Zotonic Translation module

Manages language selection, and recognition. Used to serve pages in multiple languages, and add language codes to the URLs.

Language recognition

If a resource is added without giving a language, then this module will try to guess the language using n-grams. This is done by extracting n-grams from a text and then comparing with the statistics of n-grams in the various language specific corpuses.

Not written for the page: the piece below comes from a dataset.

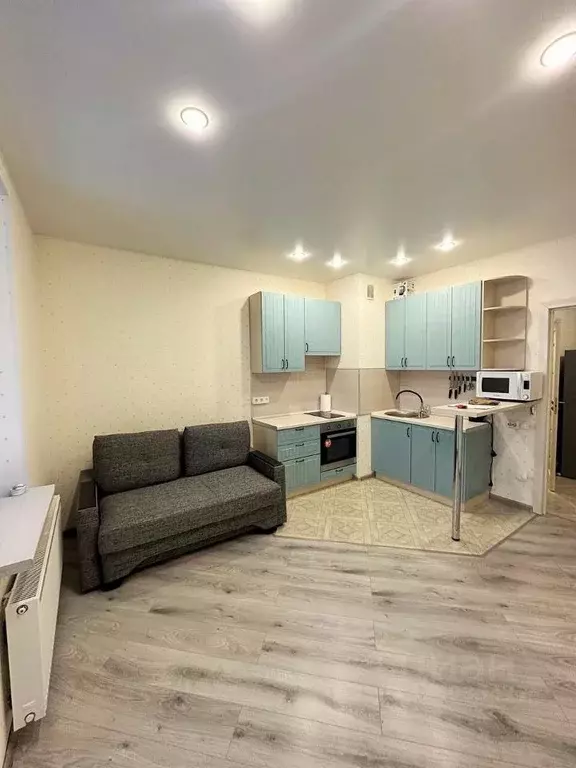 Студия Санкт-Петербург ул. Оптиков, 37 (21.9 м) - Фото 1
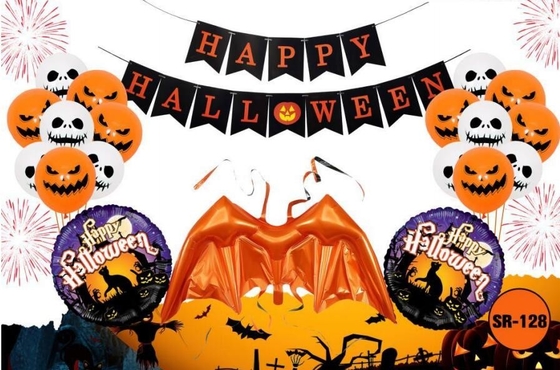 Un bon prix. Vente en gros de ballons en feuille d'Halloween en gros de ballons gonflables en nuage à double impression Mylar en ligne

The module currently has profiles for the following languages:

Code Language
af Afrikaans
ar Arabic
be Belarusian
bg Bulgarian
bs Bosnian
cs Czech
da Danish
de German
el Greek
en English
es Spanish
et Estonian
fa Persian
fi Finnish
fr French
fy Frisian
ga Irish
he Hebrew
hi Hindi
hr Croatian
hu Hungarian
id Indonesian
is Icelandic
it Italian
ja Japanese
ko Korean
lt Lithuanian
ms Malay
nl Dutch
no Norwegian
pl Polish
pt Portuguese
ro Romanian
ru Russian
si Sinhalese
sk Slovak
sl Slovenian
sv Swedish
sr Serbian
sq Albanian
ta Tamil
th Thai
tl Tagalog
tr Turkish
uk Ukranian
vi Vietnamese
xh Xhosa
zh-hant Cantonese
zh Chinese

The n-gram data is copied from Wikipedia. Typically texts about the country or the language is used. Using texts about the country has as an advantage that typical names for the language are also included in the statistics.

Adding a new language

If you want to add a new language then:

  1. Add a text file with the correct language code to priv/data/texts
  2. Run from the Erlang command line: translation_detect:generate_profile_data().
  3. A new file is generated in priv/data/profiles, check this new file in into git.
  4. The new profiles can be loaded with: translation_detect:load_profile_data().